United States Marine Corps general

Ronald L. Bailey is a retired lieutenant general in the United States Marine Corps. He was the first African American to command the 1st Marine Division, from 2011 to 2013.

==Education==
Bailey attended St. Augustine High School in St. Augustine, Florida, before graduating from Austin Peay State University in Clarksville, Tennessee in 1977 and was commissioned a Marine second lieutenant that same year. He is a Life Member of Alpha Phi Alpha fraternity. He served as an infantry officer.

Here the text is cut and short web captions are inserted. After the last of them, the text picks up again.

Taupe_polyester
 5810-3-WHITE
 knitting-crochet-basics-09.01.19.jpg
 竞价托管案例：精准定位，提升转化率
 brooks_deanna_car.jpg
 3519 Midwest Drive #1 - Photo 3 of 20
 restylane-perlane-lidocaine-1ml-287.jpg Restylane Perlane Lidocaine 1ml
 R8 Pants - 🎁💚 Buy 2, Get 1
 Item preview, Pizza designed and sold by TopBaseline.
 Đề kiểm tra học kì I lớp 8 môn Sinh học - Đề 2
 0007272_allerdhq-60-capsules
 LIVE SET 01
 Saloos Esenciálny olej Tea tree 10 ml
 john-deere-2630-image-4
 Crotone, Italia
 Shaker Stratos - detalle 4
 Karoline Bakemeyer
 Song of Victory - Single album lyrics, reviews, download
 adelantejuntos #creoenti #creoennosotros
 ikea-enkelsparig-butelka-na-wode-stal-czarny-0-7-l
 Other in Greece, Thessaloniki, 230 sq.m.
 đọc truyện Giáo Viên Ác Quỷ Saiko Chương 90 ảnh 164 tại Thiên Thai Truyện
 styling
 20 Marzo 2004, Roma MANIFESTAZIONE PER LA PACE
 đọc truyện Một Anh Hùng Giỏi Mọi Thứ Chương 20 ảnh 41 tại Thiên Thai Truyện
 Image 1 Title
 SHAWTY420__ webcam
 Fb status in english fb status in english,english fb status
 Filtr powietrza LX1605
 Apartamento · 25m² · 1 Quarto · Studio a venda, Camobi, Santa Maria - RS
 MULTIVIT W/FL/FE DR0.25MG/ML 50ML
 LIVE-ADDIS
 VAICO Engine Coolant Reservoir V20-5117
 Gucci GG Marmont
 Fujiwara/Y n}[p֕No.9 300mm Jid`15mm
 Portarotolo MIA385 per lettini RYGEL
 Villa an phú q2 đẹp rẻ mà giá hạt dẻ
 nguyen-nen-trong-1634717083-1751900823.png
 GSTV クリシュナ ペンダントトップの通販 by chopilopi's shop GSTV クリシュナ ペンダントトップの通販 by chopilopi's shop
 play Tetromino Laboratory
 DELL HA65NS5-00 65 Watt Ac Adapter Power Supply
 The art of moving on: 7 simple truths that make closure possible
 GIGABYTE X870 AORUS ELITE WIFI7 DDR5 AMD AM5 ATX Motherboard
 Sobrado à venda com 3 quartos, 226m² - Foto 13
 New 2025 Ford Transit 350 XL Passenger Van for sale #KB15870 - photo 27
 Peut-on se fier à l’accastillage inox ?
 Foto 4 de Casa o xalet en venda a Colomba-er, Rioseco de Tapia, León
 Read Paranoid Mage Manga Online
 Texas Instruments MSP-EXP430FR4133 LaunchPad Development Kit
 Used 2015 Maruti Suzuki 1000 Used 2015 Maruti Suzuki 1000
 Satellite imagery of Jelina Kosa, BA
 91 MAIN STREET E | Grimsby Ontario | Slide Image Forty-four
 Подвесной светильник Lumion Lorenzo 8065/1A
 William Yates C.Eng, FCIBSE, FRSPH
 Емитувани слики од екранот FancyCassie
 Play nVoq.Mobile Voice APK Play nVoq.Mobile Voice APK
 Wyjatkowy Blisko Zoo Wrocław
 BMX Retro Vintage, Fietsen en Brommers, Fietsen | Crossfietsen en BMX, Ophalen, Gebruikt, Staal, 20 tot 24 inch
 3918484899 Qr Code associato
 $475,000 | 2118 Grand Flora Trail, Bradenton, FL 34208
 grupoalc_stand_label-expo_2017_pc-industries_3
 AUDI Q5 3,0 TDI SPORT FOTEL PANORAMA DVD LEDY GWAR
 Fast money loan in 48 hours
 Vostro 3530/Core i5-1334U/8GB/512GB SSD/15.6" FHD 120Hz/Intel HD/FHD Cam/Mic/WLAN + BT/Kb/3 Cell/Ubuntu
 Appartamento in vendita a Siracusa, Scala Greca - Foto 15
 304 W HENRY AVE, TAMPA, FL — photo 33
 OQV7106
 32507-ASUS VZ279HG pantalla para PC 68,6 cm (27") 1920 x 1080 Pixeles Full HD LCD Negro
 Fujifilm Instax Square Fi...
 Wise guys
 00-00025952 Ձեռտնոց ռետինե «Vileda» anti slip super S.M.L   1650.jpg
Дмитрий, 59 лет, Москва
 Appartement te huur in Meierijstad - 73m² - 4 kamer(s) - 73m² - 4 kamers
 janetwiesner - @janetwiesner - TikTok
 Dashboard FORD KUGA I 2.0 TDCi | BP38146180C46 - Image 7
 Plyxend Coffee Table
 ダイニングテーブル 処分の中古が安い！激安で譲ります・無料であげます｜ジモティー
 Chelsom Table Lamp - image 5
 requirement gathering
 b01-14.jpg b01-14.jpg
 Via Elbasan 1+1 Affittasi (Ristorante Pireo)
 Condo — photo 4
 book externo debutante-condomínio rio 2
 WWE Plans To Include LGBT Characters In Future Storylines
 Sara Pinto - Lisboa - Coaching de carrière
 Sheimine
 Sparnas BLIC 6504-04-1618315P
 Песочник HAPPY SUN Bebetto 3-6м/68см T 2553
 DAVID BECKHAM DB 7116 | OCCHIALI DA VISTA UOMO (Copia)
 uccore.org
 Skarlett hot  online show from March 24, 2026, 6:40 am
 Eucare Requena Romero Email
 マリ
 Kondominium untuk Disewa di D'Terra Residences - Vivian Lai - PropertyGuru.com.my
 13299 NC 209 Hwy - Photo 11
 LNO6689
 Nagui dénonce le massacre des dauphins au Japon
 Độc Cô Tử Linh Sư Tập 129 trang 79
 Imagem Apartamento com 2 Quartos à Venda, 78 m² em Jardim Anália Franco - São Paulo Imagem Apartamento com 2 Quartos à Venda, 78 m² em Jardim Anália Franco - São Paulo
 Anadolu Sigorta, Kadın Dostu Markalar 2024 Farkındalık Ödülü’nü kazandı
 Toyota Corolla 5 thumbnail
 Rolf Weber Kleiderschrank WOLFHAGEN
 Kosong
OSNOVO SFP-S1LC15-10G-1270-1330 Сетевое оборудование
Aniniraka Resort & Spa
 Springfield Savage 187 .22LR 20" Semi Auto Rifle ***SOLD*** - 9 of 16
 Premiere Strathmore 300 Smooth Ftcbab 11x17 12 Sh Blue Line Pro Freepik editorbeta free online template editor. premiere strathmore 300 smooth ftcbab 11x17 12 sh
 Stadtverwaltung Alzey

When appointed to the Marine Corps Recruiting Command, Bailey said "...leadership is about influence and relationships – relationships with the American people. Our nation’s citizens expect us to be America’s expeditionary force in readiness committed to their protection at home and abroad; we will honor that expectation with the professional and empathetic execution of our mission within their communities nationwide."

==Career==
Bailey was appointed in January 2011 to head the Marine Corps Recruiting Command, where he commanded more than 22,000 troops. He also served as commanding general of Marine Corps Recruit Depot San Diego.

In June 2013, Bailey was promoted to lieutenant general and assigned to Headquarters Marine Corps as the Deputy Commandant for Plans, Policies, and Operations. Bailey retired from the United States Marine Corps after 41 years of service, on July 31, 2017. In 2020 he was honored with a historic marker at Collier-Blocker-Puryear Park in his hometown of St. Augustine, Florida.

In 2020, he was Vice-President for Institutional Advancement at Austin Peay State University in Tennessee, the university from which he graduated in 1977. After that, he became Vice President, Industry Development at the National Electrical Contractors Association.

He is a director of the Travis Manion Foundation.